Revisiting the Graph Reasoning Ability of Large Language Models: Case Studies in Translation, Connectivity and Shortest Path
Xinnan Dai, Qihao Wen, Yifei Shen, Hongzhi Wen, Dongsheng Li, Jiliang Tang, Caihua Shan
TL;DR
This paper critically re-evaluates the graph reasoning capabilities of large language models by focusing on three fundamental tasks—graph description translation, graph connectivity, and the shortest-path problem—across balanced synthetic datasets and real-world knowledge graphs. It systematically analyzes how graph description methods, connectivity types, and prompt strategies affect performance, revealing persistent failures when graphs are described purely in text and longer or more complex graphs. The authors demonstrate that Node List descriptions, meaningful node naming, and algorithm-guided prompts (e.g., BFS-CoT, Dijkstra-CoT) can boost reasoning, and that model scale and training data substantially improve outcomes, with GPT-4 typically outperforming GPT-3 and LLama variants.
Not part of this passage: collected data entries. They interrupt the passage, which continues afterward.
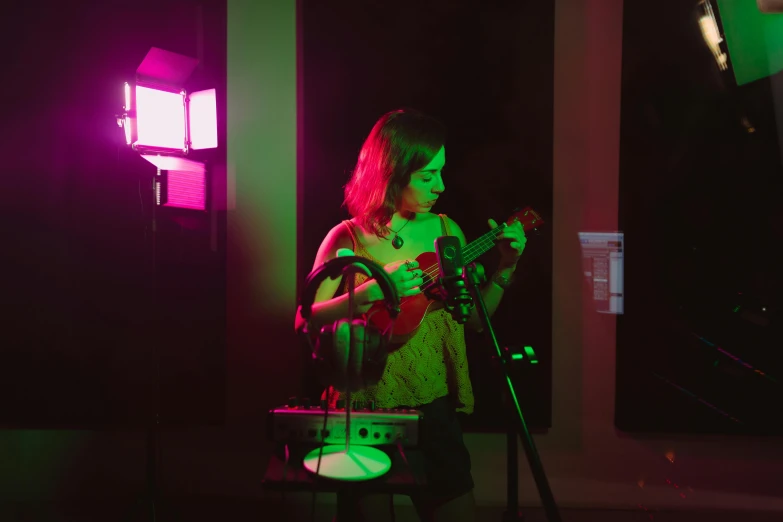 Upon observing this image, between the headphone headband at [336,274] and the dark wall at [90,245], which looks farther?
the dark wall at [90,245]

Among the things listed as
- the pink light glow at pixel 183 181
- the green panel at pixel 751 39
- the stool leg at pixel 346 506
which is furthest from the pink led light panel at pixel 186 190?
the green panel at pixel 751 39

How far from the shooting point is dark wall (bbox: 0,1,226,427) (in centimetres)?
266

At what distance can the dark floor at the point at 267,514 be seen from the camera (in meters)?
2.50

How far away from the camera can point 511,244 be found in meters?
1.77

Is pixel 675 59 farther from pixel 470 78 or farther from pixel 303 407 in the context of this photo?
pixel 303 407

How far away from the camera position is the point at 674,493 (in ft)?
8.38

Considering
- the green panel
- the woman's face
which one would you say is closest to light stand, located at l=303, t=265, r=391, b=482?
the woman's face

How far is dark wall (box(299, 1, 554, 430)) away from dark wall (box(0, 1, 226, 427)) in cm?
88

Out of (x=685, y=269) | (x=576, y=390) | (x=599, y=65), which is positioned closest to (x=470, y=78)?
(x=599, y=65)

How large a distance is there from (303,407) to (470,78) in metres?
1.94

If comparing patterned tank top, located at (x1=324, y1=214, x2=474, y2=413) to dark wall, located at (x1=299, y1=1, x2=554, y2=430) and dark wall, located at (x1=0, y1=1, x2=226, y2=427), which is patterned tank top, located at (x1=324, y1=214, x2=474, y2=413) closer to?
dark wall, located at (x1=299, y1=1, x2=554, y2=430)

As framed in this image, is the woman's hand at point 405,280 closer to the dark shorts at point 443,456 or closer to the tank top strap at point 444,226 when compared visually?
the tank top strap at point 444,226

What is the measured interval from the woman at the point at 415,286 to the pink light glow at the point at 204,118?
2.91 feet

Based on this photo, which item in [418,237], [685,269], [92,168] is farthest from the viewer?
[92,168]
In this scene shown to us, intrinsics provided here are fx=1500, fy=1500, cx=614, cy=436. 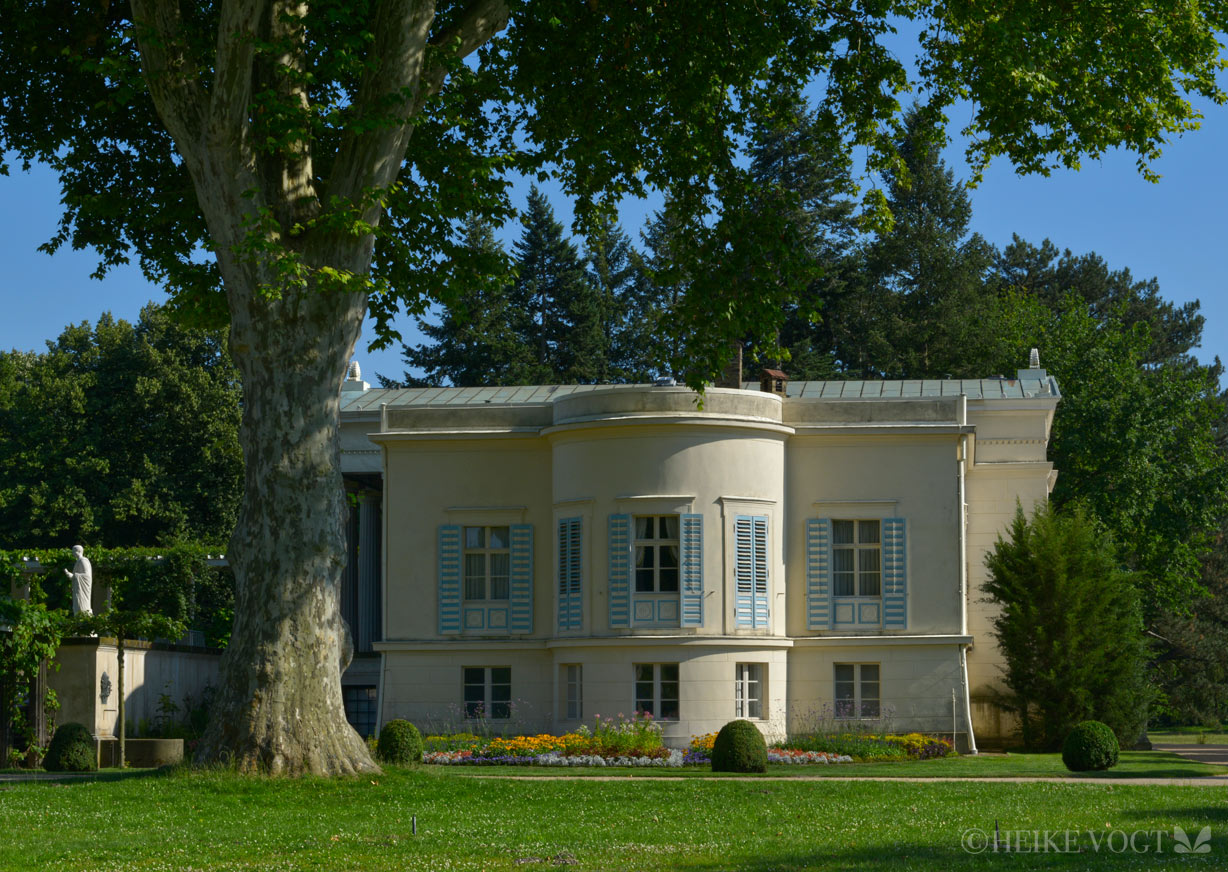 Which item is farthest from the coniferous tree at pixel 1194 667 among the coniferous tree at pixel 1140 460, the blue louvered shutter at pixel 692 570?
the blue louvered shutter at pixel 692 570

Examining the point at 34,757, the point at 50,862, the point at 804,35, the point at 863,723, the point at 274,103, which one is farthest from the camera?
the point at 863,723

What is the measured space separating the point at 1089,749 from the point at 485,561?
12955mm

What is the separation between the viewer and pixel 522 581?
96.7 ft

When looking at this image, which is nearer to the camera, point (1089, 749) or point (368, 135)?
point (368, 135)

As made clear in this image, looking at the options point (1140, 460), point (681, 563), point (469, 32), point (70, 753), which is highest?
point (469, 32)

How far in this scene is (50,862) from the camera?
10.9 meters

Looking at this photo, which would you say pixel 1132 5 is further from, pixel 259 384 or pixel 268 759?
pixel 268 759

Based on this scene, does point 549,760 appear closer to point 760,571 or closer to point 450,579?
point 760,571

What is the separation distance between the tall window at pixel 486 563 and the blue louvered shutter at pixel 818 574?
19.4 feet

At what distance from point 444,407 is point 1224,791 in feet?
57.1

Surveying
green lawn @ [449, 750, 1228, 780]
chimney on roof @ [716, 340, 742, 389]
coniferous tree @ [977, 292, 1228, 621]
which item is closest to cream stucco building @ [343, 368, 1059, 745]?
chimney on roof @ [716, 340, 742, 389]

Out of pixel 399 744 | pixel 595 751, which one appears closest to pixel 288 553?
pixel 399 744

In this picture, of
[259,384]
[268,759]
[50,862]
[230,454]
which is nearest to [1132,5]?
[259,384]

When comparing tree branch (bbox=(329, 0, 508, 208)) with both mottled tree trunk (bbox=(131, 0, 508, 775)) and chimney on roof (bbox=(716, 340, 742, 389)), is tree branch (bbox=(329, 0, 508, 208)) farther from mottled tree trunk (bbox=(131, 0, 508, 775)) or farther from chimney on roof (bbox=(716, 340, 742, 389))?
chimney on roof (bbox=(716, 340, 742, 389)) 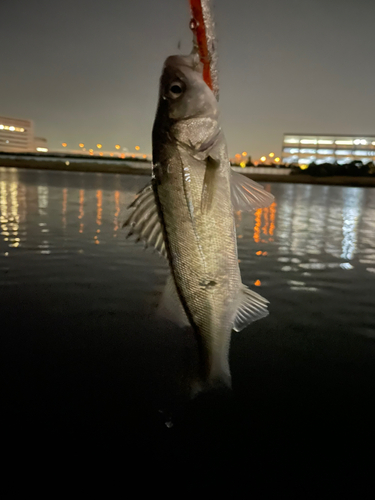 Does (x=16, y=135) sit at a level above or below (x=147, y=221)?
above

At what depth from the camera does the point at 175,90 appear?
2.05 metres

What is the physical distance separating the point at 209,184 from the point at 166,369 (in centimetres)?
245

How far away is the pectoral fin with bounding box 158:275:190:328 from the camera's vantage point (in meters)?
2.27

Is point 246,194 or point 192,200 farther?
point 246,194

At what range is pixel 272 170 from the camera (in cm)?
9244

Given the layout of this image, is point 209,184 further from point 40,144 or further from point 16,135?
point 40,144

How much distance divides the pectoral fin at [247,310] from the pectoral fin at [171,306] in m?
0.34

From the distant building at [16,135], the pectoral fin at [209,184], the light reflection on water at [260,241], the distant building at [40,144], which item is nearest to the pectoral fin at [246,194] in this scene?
the pectoral fin at [209,184]

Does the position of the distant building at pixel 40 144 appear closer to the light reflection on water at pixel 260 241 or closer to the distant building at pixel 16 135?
the distant building at pixel 16 135

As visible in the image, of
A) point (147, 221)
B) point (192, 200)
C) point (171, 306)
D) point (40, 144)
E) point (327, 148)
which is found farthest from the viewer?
point (40, 144)

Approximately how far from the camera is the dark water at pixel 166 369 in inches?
117

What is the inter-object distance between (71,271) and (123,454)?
4.82m

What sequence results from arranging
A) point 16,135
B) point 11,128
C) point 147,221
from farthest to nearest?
point 16,135
point 11,128
point 147,221

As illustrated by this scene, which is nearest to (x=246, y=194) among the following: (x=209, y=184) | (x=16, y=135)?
(x=209, y=184) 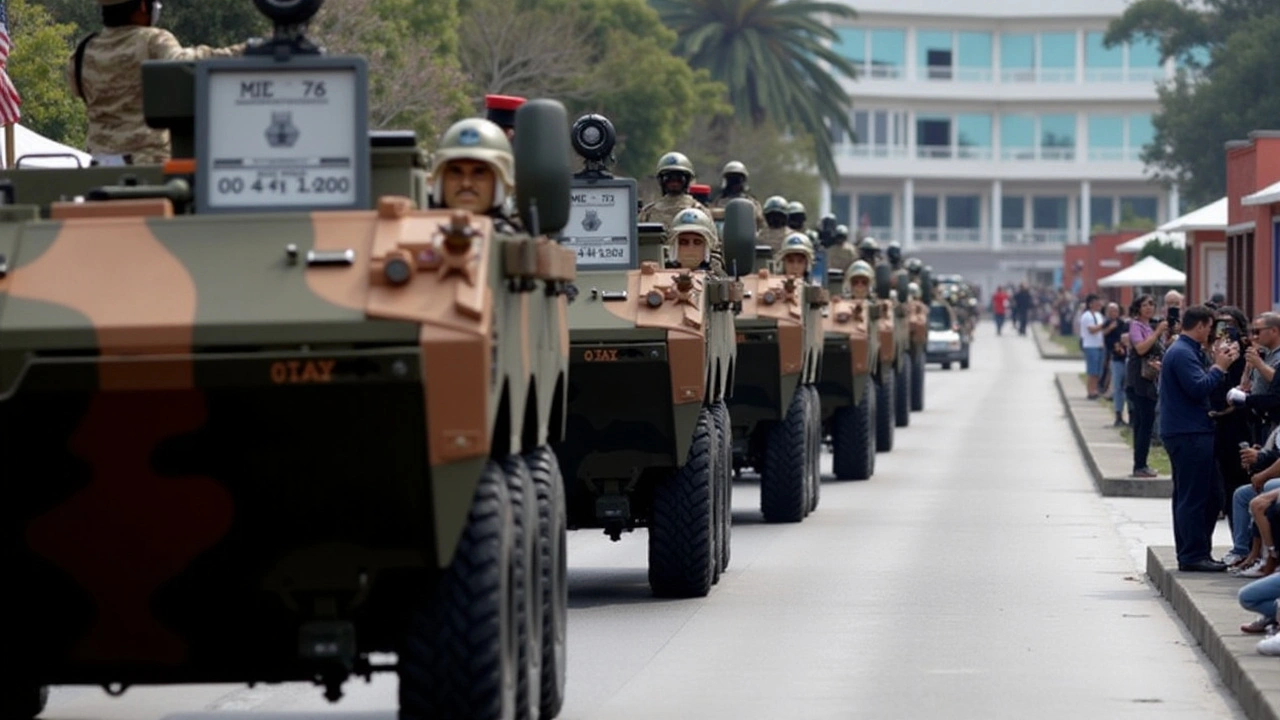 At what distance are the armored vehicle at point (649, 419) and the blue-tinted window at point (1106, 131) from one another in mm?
107491

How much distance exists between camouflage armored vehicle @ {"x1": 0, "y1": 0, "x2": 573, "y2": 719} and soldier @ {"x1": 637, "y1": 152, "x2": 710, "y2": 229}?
1108 centimetres

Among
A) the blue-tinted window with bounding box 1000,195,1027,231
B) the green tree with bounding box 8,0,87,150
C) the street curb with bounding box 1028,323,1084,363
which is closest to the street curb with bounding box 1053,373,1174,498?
the green tree with bounding box 8,0,87,150

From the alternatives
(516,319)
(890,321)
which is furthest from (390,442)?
(890,321)

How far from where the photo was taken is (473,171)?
10.9 metres

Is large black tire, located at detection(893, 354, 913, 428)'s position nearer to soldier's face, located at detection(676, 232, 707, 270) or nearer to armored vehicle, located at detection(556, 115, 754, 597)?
soldier's face, located at detection(676, 232, 707, 270)

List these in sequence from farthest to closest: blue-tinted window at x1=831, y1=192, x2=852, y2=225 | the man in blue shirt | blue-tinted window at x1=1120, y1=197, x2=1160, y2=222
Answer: blue-tinted window at x1=831, y1=192, x2=852, y2=225 < blue-tinted window at x1=1120, y1=197, x2=1160, y2=222 < the man in blue shirt

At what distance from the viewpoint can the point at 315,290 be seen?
8812 millimetres

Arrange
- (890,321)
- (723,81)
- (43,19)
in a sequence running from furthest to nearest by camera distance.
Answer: (723,81), (890,321), (43,19)

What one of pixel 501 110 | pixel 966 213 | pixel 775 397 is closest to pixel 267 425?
pixel 501 110

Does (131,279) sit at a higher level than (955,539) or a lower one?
higher

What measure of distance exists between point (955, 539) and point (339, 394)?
1331 centimetres

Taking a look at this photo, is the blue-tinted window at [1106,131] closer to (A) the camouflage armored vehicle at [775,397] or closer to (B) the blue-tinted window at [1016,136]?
(B) the blue-tinted window at [1016,136]

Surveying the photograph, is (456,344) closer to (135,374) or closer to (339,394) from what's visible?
(339,394)

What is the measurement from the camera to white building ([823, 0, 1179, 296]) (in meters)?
120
The findings offer concrete guidelines for dataset design, prompt construction, and model tuning to enhance graph reasoning in AI systems, while highlighting intrinsic limitations of text-only graph understanding.
Abstract
Large Language Models (LLMs) have achieved great success in various reasoning tasks. In this work, we focus on the graph reasoning ability of LLMs. Although theoretical studies proved that LLMs are capable of handling graph reasoning tasks, empirical evaluations reveal numerous failures. To deepen our understanding on this discrepancy, we revisit the ability of LLMs on three fundamental graph tasks: graph description translation, graph connectivity, and the shortest-path problem. Our findings suggest that LLMs can fail to understand graph structures through text descriptions and exhibit varying performance for all these three fundamental tasks. Meanwhile, we perform a real-world investigation on knowledge graphs and make consistent observations with our findings. The codes and datasets are available.